À l’image de ses géants cosmiques, l’ombre tutélaire de Kirby plane sur le Neuvième Art telle une sorte de statue du Commandeur galactique. Il a posé les bases de l’univers graphique Marvel, contribuant à créer les personnages de Hulk, Thor, Captain America, les X-Men et tant d’autres. Artiste protéiforme, il a dessiné des comics de science-fiction et de super-héros, mais aussi des comics sentimentaux (Young romance), de guerre (Sgt. Fury and his Howling Commandos, The Losers : lire la chronique de The Losers), de western (Rawhide Kid) etc. etc. Son influence se fait sentir dans l’art moderne chez de nombreux artistes, de Roy Lichtenstein à Erró.

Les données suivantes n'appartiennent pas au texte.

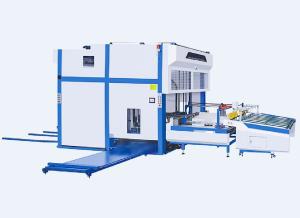 Wholesale Auto Flip Flop Pallet Stacker Machine For Corrugated Cardboard from china suppliers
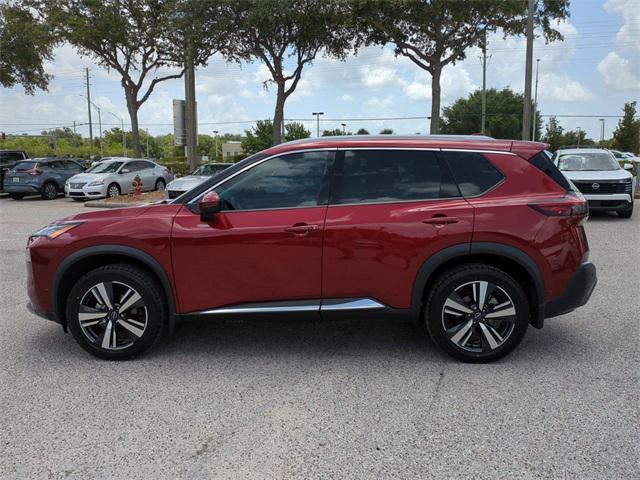 used 2022 Nissan Rogue car, priced at $26,691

Enfin, bon nombre d’auteurs de BD, tels Arnon ou Franck Miller, semblent ne jamais s’être remis de leur lecture de Kirby et en avoir tiré une féconde source d'inspiration, pour le plus grand plaisir de leurs lecteurs.

© Éditions LUG
La VF, réunissant les 4 épisodes.

Emblématique du travail de Jack Kirby, Les Quatre Fantastiques constituent le point de départ idéal pour un plongeon rafraîchissant dans l’univers cosmique et sidéral du « King of comics ».

Longue vie au Triangle !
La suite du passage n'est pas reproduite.